Department of Neuropediatrics and Muscle Disorders, Center for Pediatrics, Medical Center - University of Freiburg, Faculty of Medicine, University of Freiburg, Freiburg, Germany.
Berta-Ottenstein-Programme, Faculty of Medicine, University of Freiburg, Freiburg, Germany.
Ann Neurol. 2021 Jan;89(1):134-142. doi: 10.1002/ana.25939. Epub 2020 Oct 31.
Identification of children at risk of developing epilepsy after a first unprovoked seizure can be challenging. Interictal epileptiform discharges are associated with higher risk but have limited sensitivity and specificity. High frequency oscillations (HFOs) are newer biomarkers for epileptogenesis. We prospectively evaluated the predictive value of HFOs for developing epilepsy in scalp electroencephalogram (EEG) of children after a first unprovoked seizure.

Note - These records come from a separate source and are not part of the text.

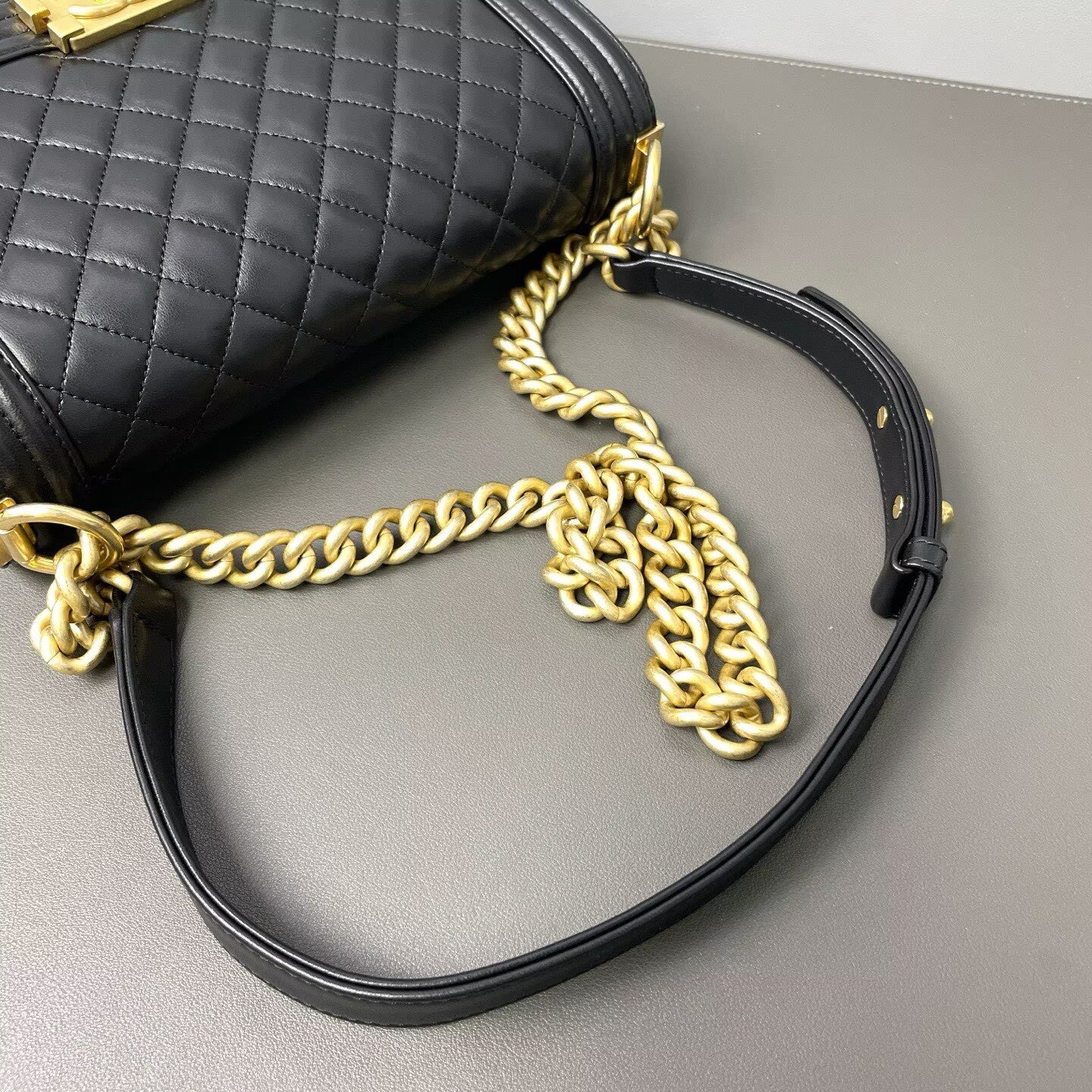 Chanel - Boy Bag - Lambskin leather - Black with Gold-Tone Hardware - (medium)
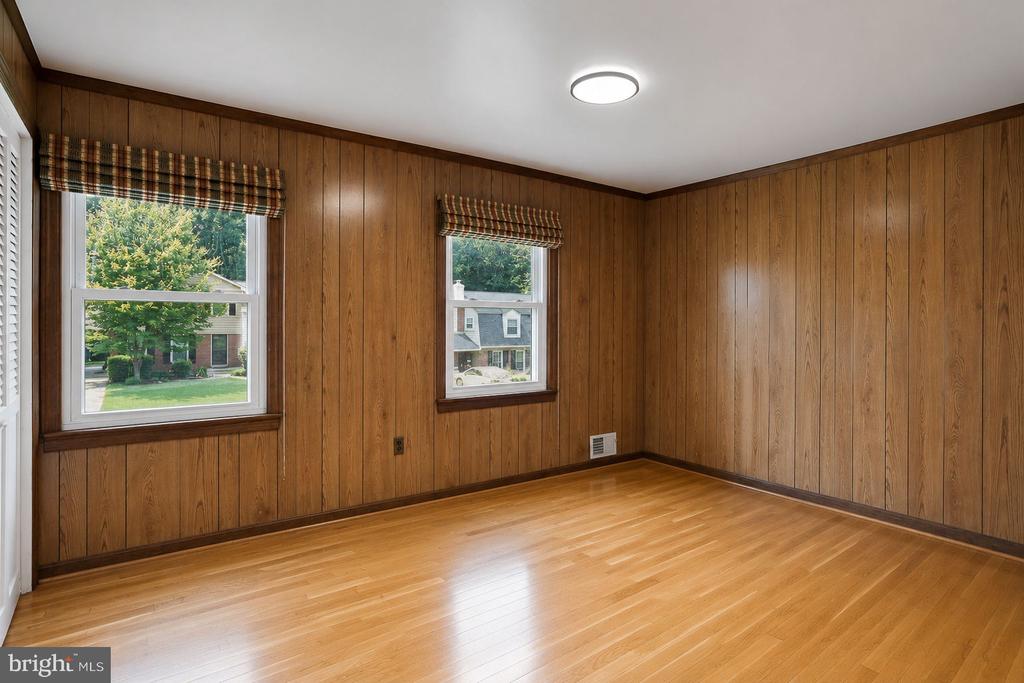 8418 STONE GATE DRIVE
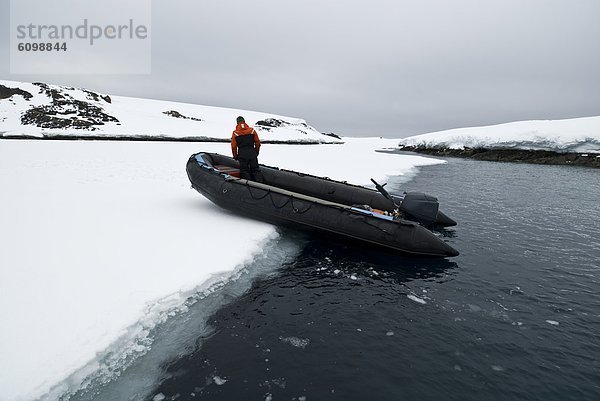 Führung  Anleitung führen  führt  führend  sehen  Meer  Eis  blättern  Richtung  Antarktis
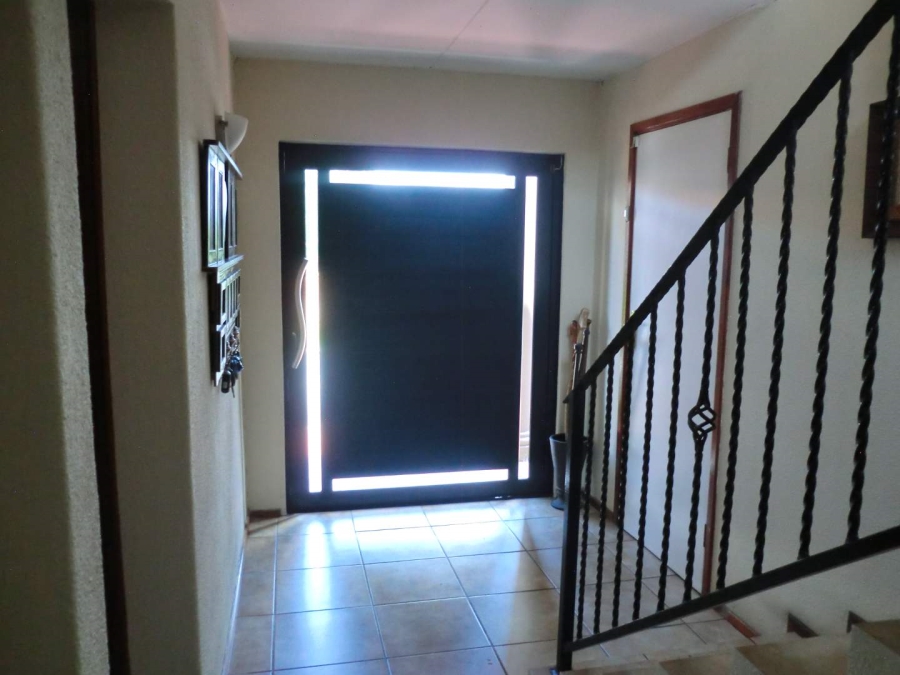 4 Bedroom Property for Sale in Van Riebeeck Park Gauteng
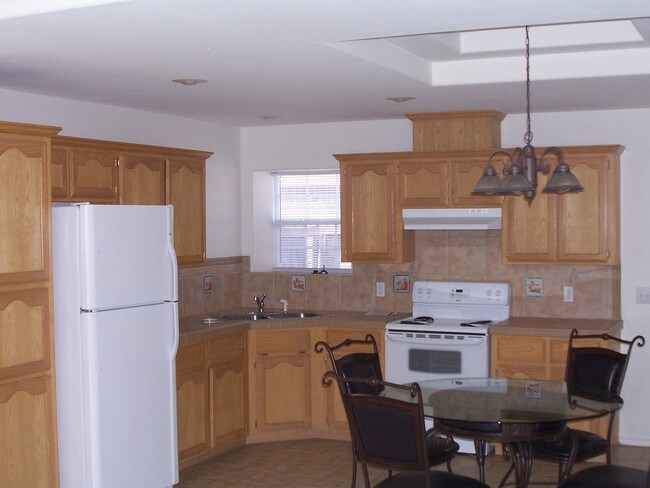 Building Photo - 3608 W Faith Hill St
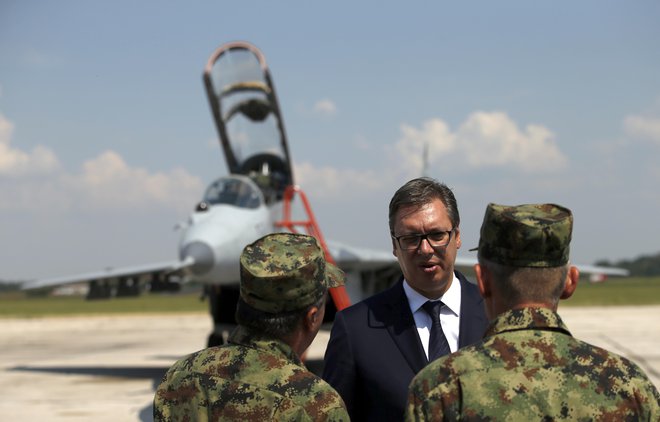 Vučić je sporočil Srbom, da jih močna krila Srbije zdaj varujejo veliko bolje, kot so jih prej. FOTO: Darko Vojinovic/AP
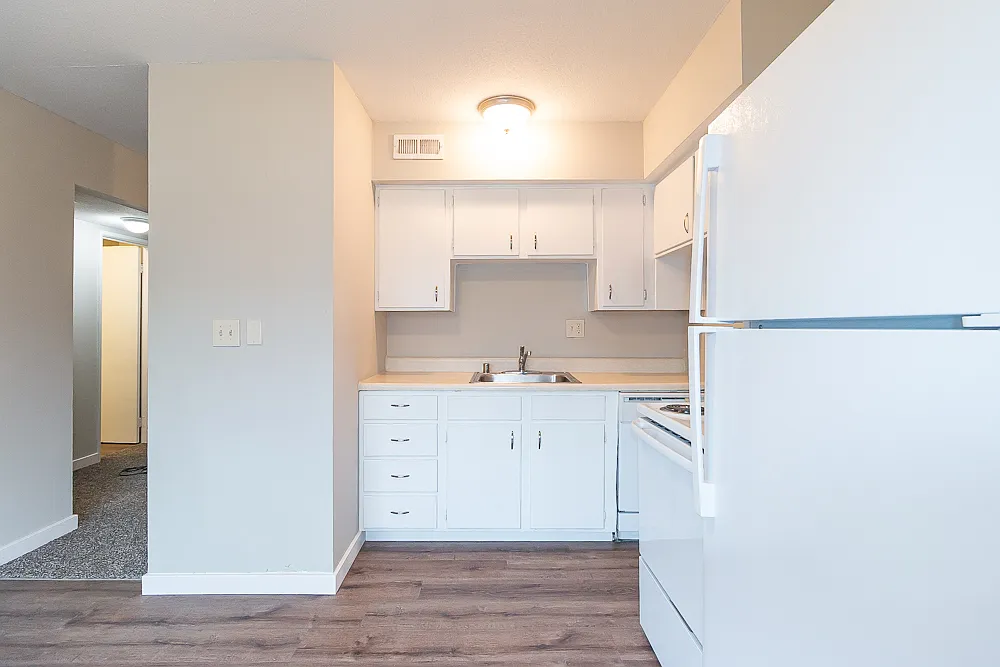 2 bed, 900 sqft, $800 — Photo 4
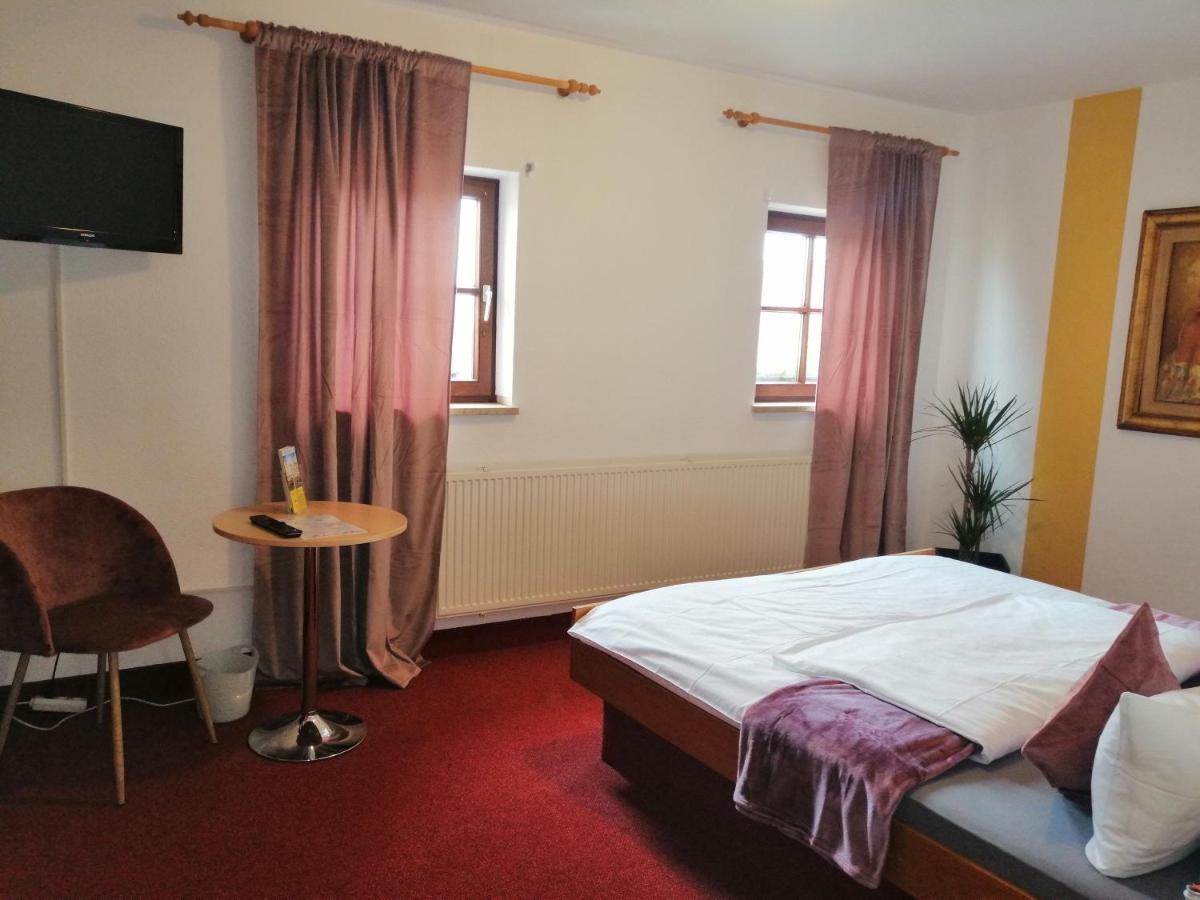 Hotel Wilder Mann Feuchtwangen Zewnętrze zdjęcie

After their first seizure, 56 children were followed prospectively over 12 months and then grouped in "epilepsy" or "no epilepsy." Initial EEGs were visually analyzed for spikes, spike ripples, and ripples. Inter-group comparisons of spike-rates and HFO-rates were done by Mann-Whitney U test. Predictive values and optimal thresholds were calculated by receiver operating characteristic (ROC) curves.
In the epilepsy group (n = 26, 46%), mean rates of ripples (0.3 vs 0.09 / minute, p < 0.0001) and spike ripples (0.6 vs 0.06 / minute, p < 0.05) were significantly higher, with no difference in spike rates (1.7 vs 3.0 / minute, p = 0.38). Of those 3 markers, ripples showed the best predictive value (area under the curve [AUC] = 0.88). The optimal threshold for ripples was calculated to be ≥ 0.125 / minute with a sensitivity of 87% and specificity of 85%. Ripple rates were negatively correlated to days passing before epilepsy-diagnosis (R = -0.59, p < 0.0001) and time to a second seizure (R = -0.64, 95% confidence interval [CI] = -0.77 to 0.43, p < 0.0001).
We could show that in a cohort of children with a first unprovoked seizure, ripples predict the development of epilepsy better than spikes or spike ripples and might be useful biomarkers in the estimation of prognosis and question of treatment. ANN NEUROL 2021;89:134-142.
识别首次无诱因发作后有癫痫风险的儿童具有挑战性。发作间期癫痫样放电与更高的风险相关,但敏感性和特异性有限。高频振荡(HFOs)是癫痫发生的新生物标志物。我们前瞻性评估了 HFOs 在儿童首次无诱因发作后头皮脑电图(EEG)中发展为癫痫的预测价值。
在首次发作后,56 名儿童进行了前瞻性随访 12 个月,然后分为“癫痫”或“非癫痫”组。对初始 EEG 的棘波、棘慢波和锐慢波进行视觉分析。采用 Mann-Whitney U 检验比较两组之间的棘波率和 HFO 率。通过受试者工作特征(ROC)曲线计算预测值和最佳阈值。
在癫痫组(n=26,46%)中,锐波(0.3 与 0.09/分钟,p<0.0001)和棘慢波锐波(0.6 与 0.06/分钟,p<0.05)的平均率明显更高,而棘波率无差异(1.7 与 3.0/分钟,p=0.38)。在这 3 个标志物中,锐波具有最佳的预测价值(曲线下面积[AUC]=0.88)。计算出锐波的最佳阈值为≥0.125/分钟,灵敏度为 87%,特异性为 85%。锐波率与癫痫诊断前的天数(R=-0.59,p<0.0001)和第二次发作的时间(R=-0.64,95%置信区间[CI]为-0.77 至 0.43,p<0.0001)呈负相关。
我们发现,在首次无诱因发作的儿童队列中,锐波比棘波或棘慢波锐波更能预测癫痫的发生,并且可能是评估预后和治疗问题的有用生物标志物。